How is the air quality in Beijing? We hear stories about the air quality, but is the air quality in Beijing really that bad? Through my capstone project, we investigated the air quality and created a predictive model to predict the air quality in Beijing. Before we talk about the results of my project, let’s discuss about our data set.
The data set contains hourly air pollutants data from 12 air quality monitoring sites starting from March 01, 2013 to February 28, 2017. Below is an image of part of our data set of one of the 12 air quality monitoring sites.
As you can see we have a total of 18 features and 12 air quality monitoring sites. This is a lot of data to investigate.
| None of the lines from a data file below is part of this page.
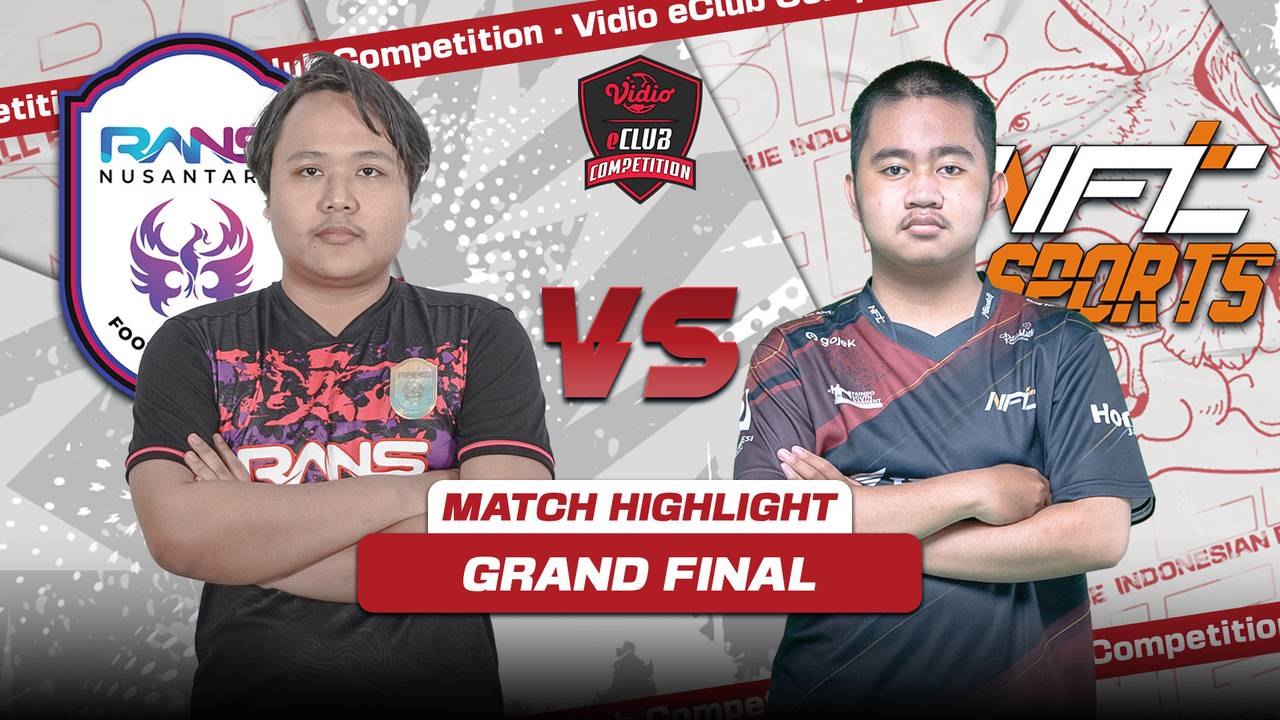 Match Highlights | Grand Final: RANS Nusantara vs NFT Esports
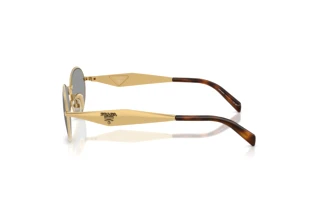 Sidevisning Prada PR D57S (5AK50Q)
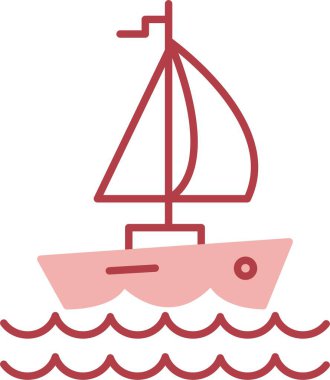 Yat Satırı Simgeyi Doldur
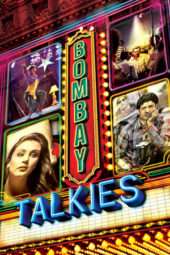 Nonton Film Bombay Talkies (2013) Sub Indo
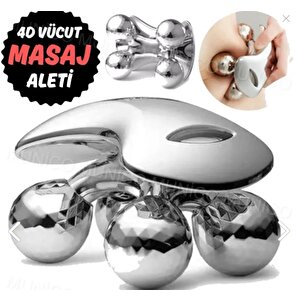 4d Masaj Aleti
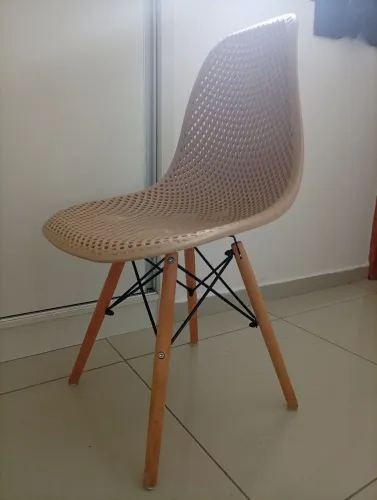 Cadeira de escritório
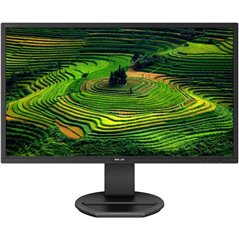 MONITOR 21.5" PHILIPS 221B8LHEB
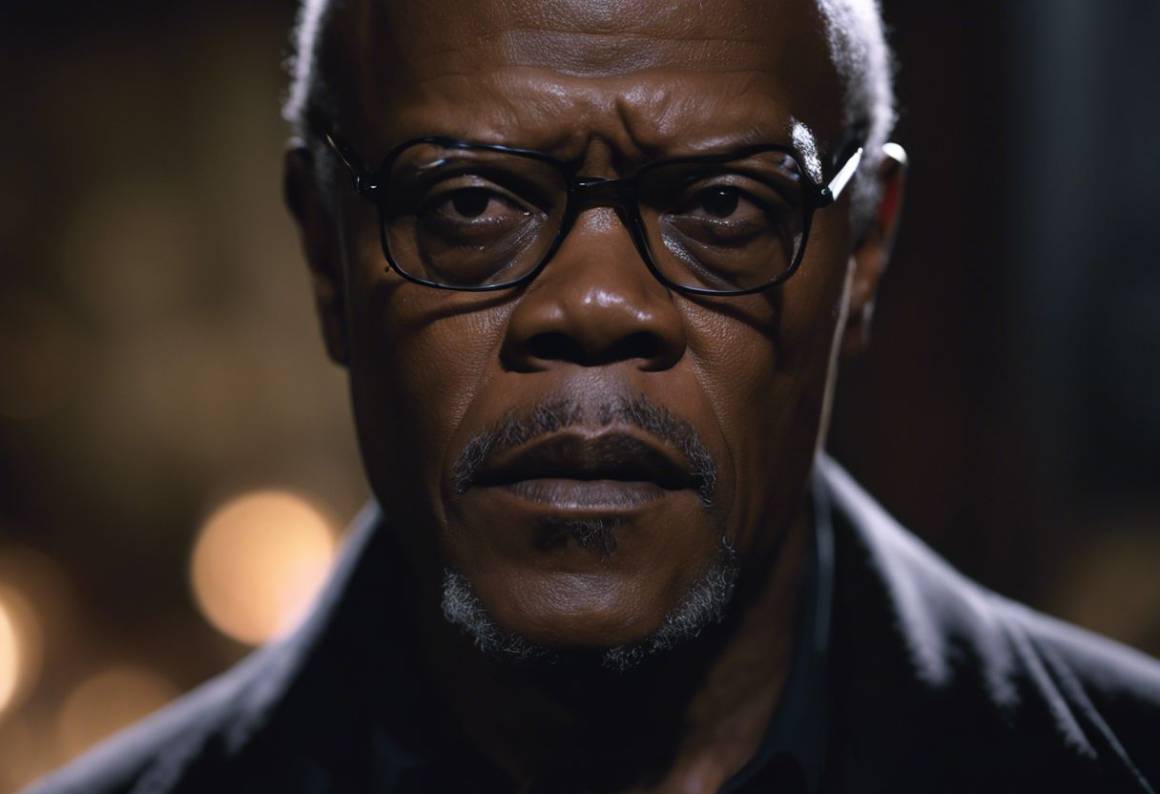 Pulp Fiction e Samuel L. Jackson: 30 anni del leggendario monologo in video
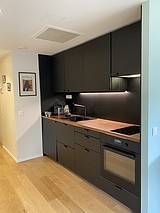 Appartamento Levallois-Perret - Cucina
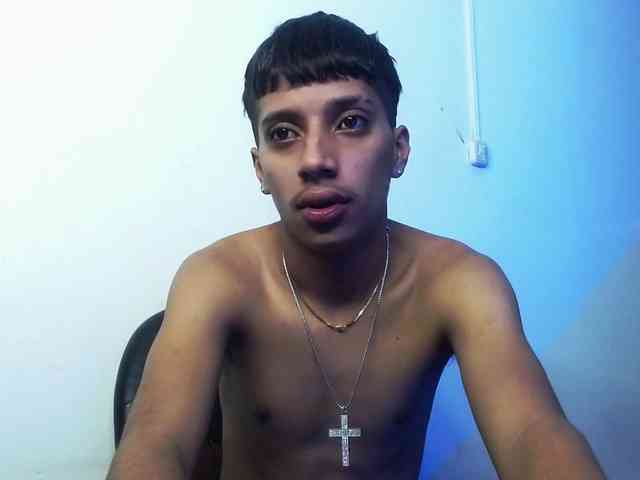 jlbrayan12 Sex Cam Show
Therefore for the extent of this project, we will be focusing on the hourly data from Gucheng monitoring site and the feature PM2.5. The index PM2.5 represents particles that have diameter less than 2.5 micrometers, which is more than 10 times thinner than a human hair. These particles are formed as a result of burning fuel and chemical reactions that take place in the atmosphere. It can be coal in a power plant or gasoline in your car. And at this small size, it can get deep into the lungs and bloodstream, and over time, it can destroy your body.
Prior to investigating any features, we need to clean up the data. First we turned the column values of year, month, day and hour into datetime. After that we created a data frame containing the datetime values and the corresponding PM2.5 index values. Since we will be considering the data as time series, we set the time as our index. Finally we performed forward filling on the missing values in our data set.
Although our data set is ready for data exploration and modeling, we would first need to understand the PM2.5 index. What do the values mean? What is considered bad or good? Below is a image taken from this link that defines the cutoffs for air quality standards.
By using these cutoffs, we graphed the daily average PM2.5 values along with the cutoffs shown above to display where Beijing’s PM2.5 values tend to normally stay around.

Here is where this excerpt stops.